Cambota e Fogoió, os dois meninos.

 

 

Eles foram o terror do bairro onde moravam quando crianças e já engrossando o talo da pinta continuaram dando trabalho a todo mundo e vergonha aos pais. Nessa época de São João, naquele tempo, eles se danavam a correr numa venda pra comprar toda sorte de fogos, desde os inocentes peidos de velha às terríveis e poderosas bombas de quinhentos, capazes de levantar por mais de vinte metros uma lata de querosene.

Cambota foi criado cheio de vontades pelo pai porque nem a mãe aguentou as peraltices dele. Filho único de um quitandeiro, se esteve algum dia à escola foi somente pra bater nos outros e no segundo dia de aula ser expulso.

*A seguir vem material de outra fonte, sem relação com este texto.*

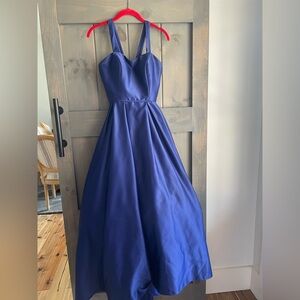 Blue Halter Sleeveless A-line Prom Dress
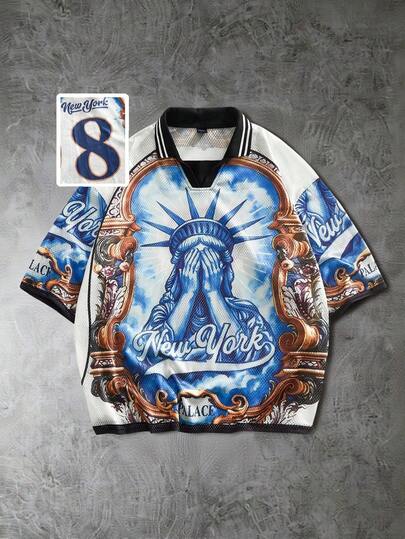 Street Life Casual Sports Liberty Statue & Number 8 Print Short Sleeve Polo Shirt, Suitable For Outdoor Wear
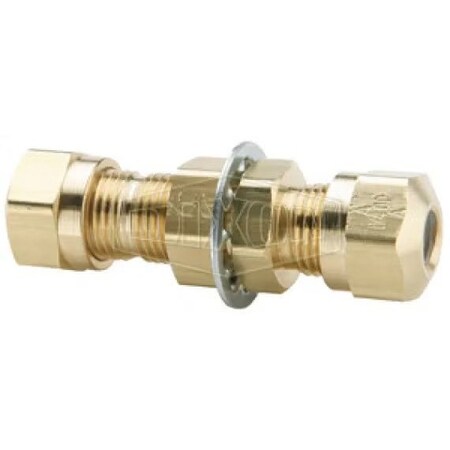 Dixon Air Brake Bulkhead Union, 3/8 in x 17/32-24, Tube x Straight Thread, Brass, Domestic 62NBH6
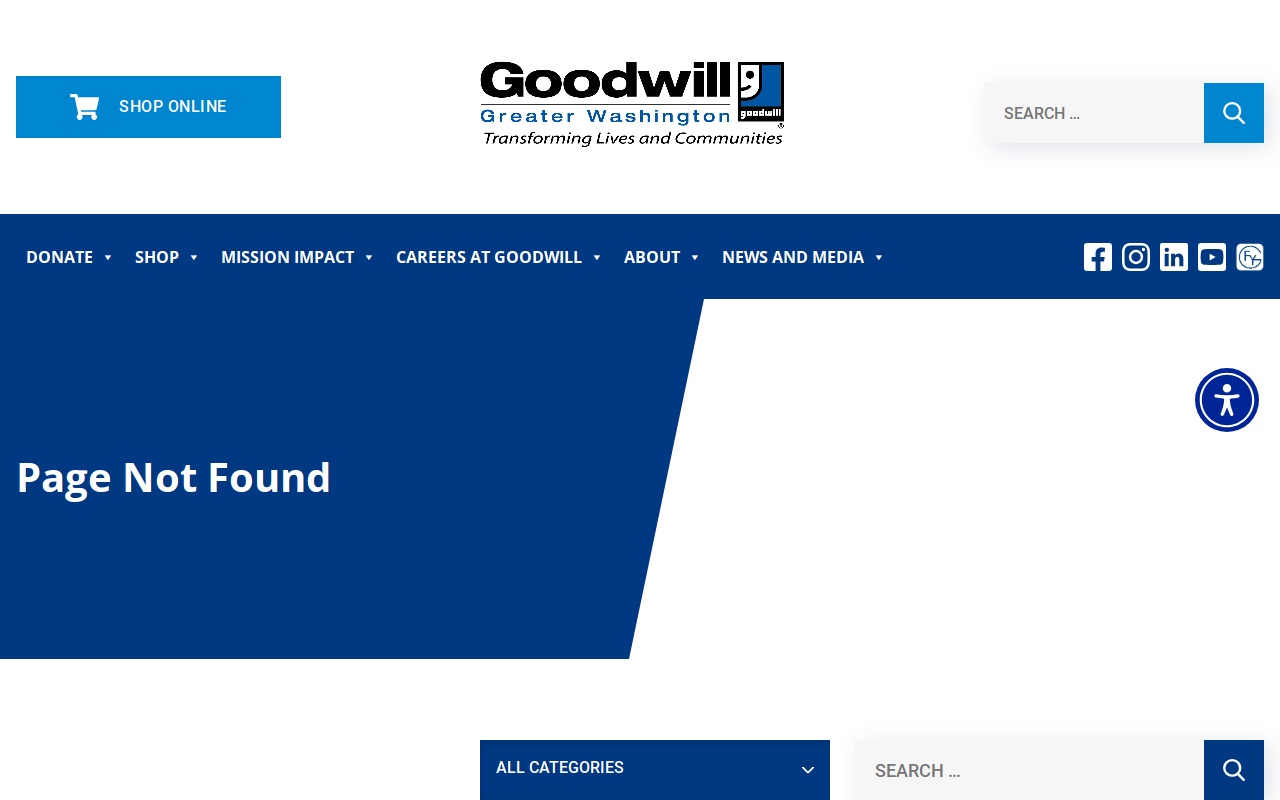 Goodwill of Greater Washington Retail Store website preview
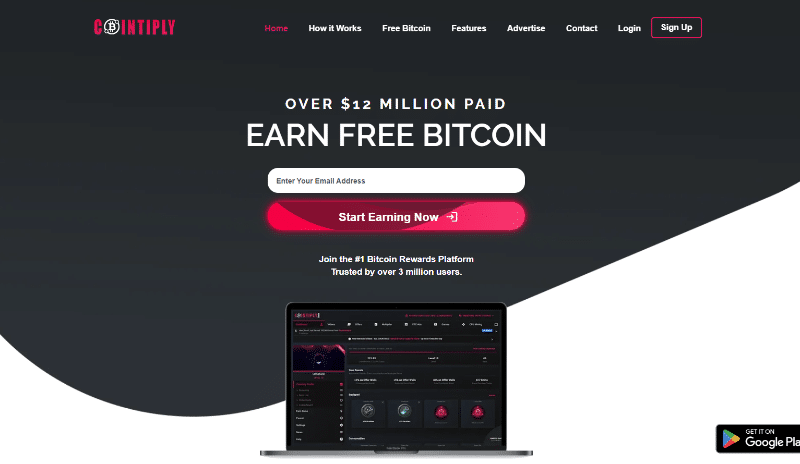 Cointiply website homepage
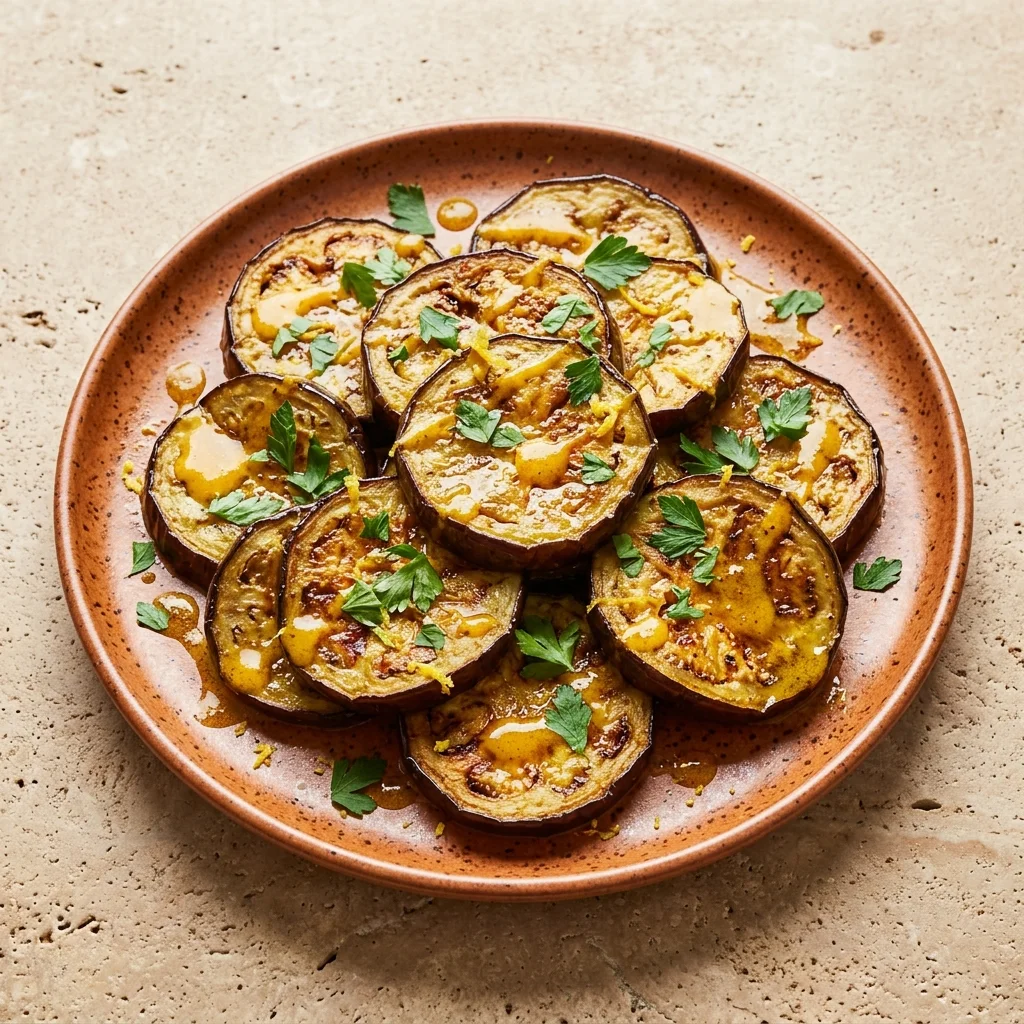 Lemon Eggplant Rounds with Turmeric and Cumin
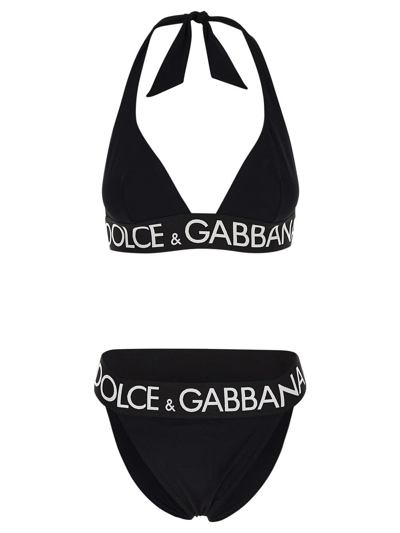 Shop Dolce & Gabbana Logoed Bikini In Black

O pai achava de dizer que ninguém precisava estudar pra ganhar dinheiro. Ele mesmo tinha tudo e nunca passou um dia sequer sentado em banco de escola. Tinha dinheiro na burra e muitos burros lhe obedecendo.

O menino se criou sozinho feito bicho bruto, batendo e apanhando na rua e quando era contrariado se armava de um caco de vidro e corria a rua pra tomar satisfações com o desafeto. Nesse período de festas juninas ia ele direto na gaveta da quitanda, tirava o apurado e ia até a esquina comprar traques e bombas. Negócio dele era bomba, daquelas mais potentes e que incomodavam a vizinhança. Noite toda.

Era um menino feio, baixo, gordo, cambota, cabelo raspado, calção imundo, fedendo a pena de galinha molhada. Mesmo tendo todos esses defeitos não era desrespeitoso com os mais velhos. Algum adulto ralhasse com ele, metia o rabo entre as pernas e procurava o caminho de casa.

Agora Fogoió. Fogoió Azedo como outros e muitos o chamavam pelas costas. Galalau. Também foi um menino criado por uma mãe e um pai que faziam tudo aquilo que ele queria. Os vizinhos, quando ele era ainda criança, passaram poucas e boas com as travessuras dele. Assim como Cambota, nessa época de São João, transformava a vida do bairro onde morava num inferno.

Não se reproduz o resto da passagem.